Santina – di Gioberto Pignatelli (Concorso) La Storia di Elsa Morante fa da spunto e filo conduttore per un’opera anomala nel panorama italiano: un giovane ragazzo dal terribile passato comincia una relazione con una vecchia prostituta. La sfrutta, la fa innamorare, ci fa sesso e pretende dei soldi. All’inizio del film accade il fattaccio: lui

pubblicato 21 Novembre 2009 aggiornato 2 Agosto 2020 07:58


Santina – di Gioberto Pignatelli (Concorso)
La Storia di Elsa Morante fa da spunto e filo conduttore per un’opera anomala nel panorama italiano: un giovane ragazzo dal terribile passato comincia una relazione con una vecchia prostituta. La sfrutta, la fa innamorare, ci fa sesso e pretende dei soldi. All’inizio del film accade il fattaccio: lui uccide lei con una forbice…

Il film di Pignatelli si può dire abbia il merito di tentare una via diversa rispetto al panorama para-televisivo di tanto cinema nostrano, così come La bocca del lupo di Pietro Marcello, il primo film italiano in concorso a Torino. Ma forse bisognerebbe ragionare sul fatto che per far “rinascere” il cinema italiano bisognerebbe semplicemente puntare su storie e trame scritte decentemente e girate con un po’ di stile, invece di buttarsi a capofitto con esperimenti che potrebbero rivelarsi fallimentari.

Purtroppo Santina non si può salvare. E’ una contaminazione lunga quasi un’ora e venti di video-arte, teatro e tanta letteratura, che mescolati assieme non ottengono il risultato di essere buon cinema. Tra deliranti animazioni, momenti forzatissimi e trovate “originali” che sanno di già visto, si assiste ad un delirio che non annoia solo perché si guarda con interesse a come possa essere stata girata la sequenza successiva.
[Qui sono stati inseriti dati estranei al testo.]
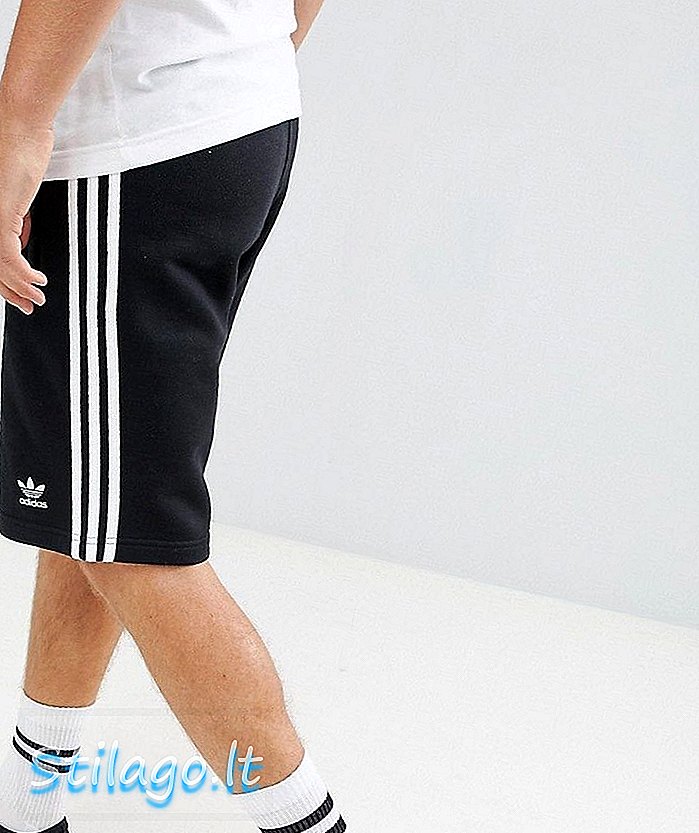 Adidas Originals 3-Stripe Jersey Shorts em preto DH5798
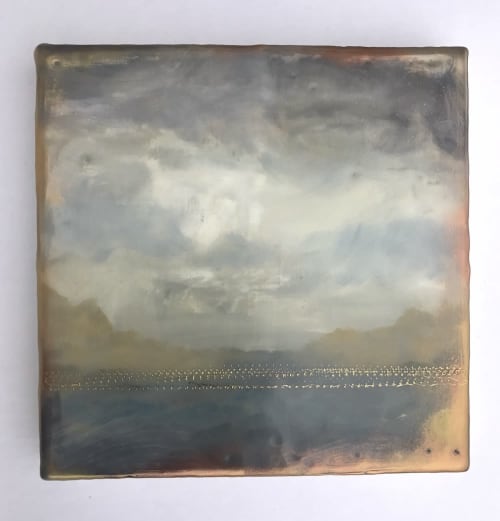 Painting | Oil And Acrylic Painting in Paintings by Shari Lyon Fine Art | Private Residence, Salt Lake City in Salt Lake City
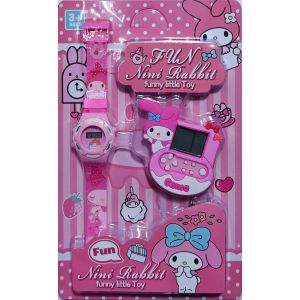 Jam Tangan Anak Lucu Gembot Gameboy Mini Gantungan Kunci FHLC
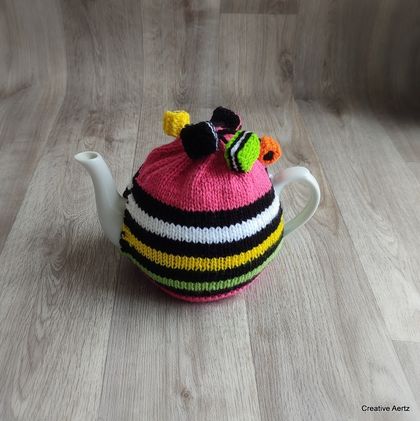 Licorice Allsorts Tea Cosy - Pink Multi (Small)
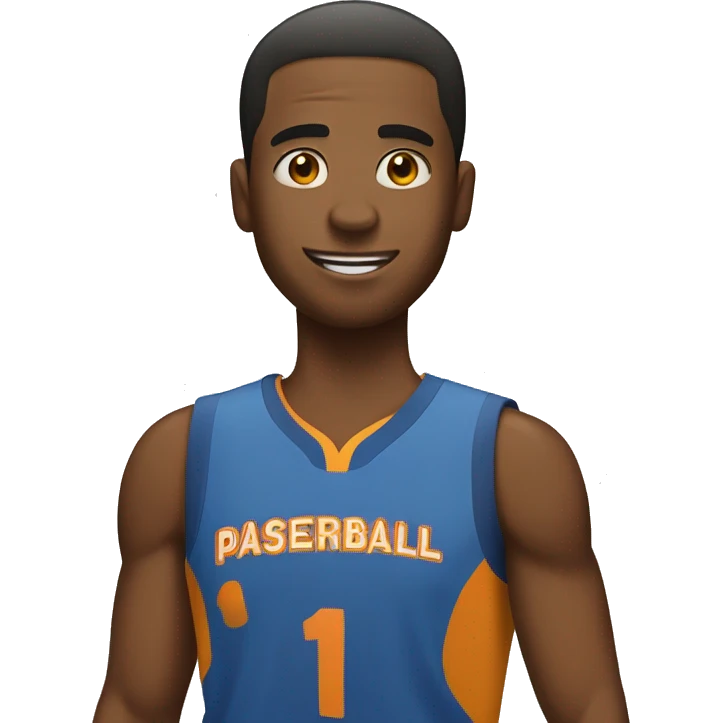 una persona con discapacidad jugando basketball. emoji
L’errore più grande della pellicola, in realtà, sta proprio nel rapporto con il testo di partenza: da cui continua a rubare a piene mani frasi complete, scrivendole su ogni parte dei corpi dei protagonisti, sui muri e in ogni posto possibile. Però punta molto sull’eccentricità visiva, e poi, verso la fine, ti mette una voce off continua e pedante che recita ancora frasi intere. Santina è un film che, al di là di tutto, si contraddice, esagera, esaspera ogni suo aspetto e che per questo non può far altro che frastornare lo spettatore.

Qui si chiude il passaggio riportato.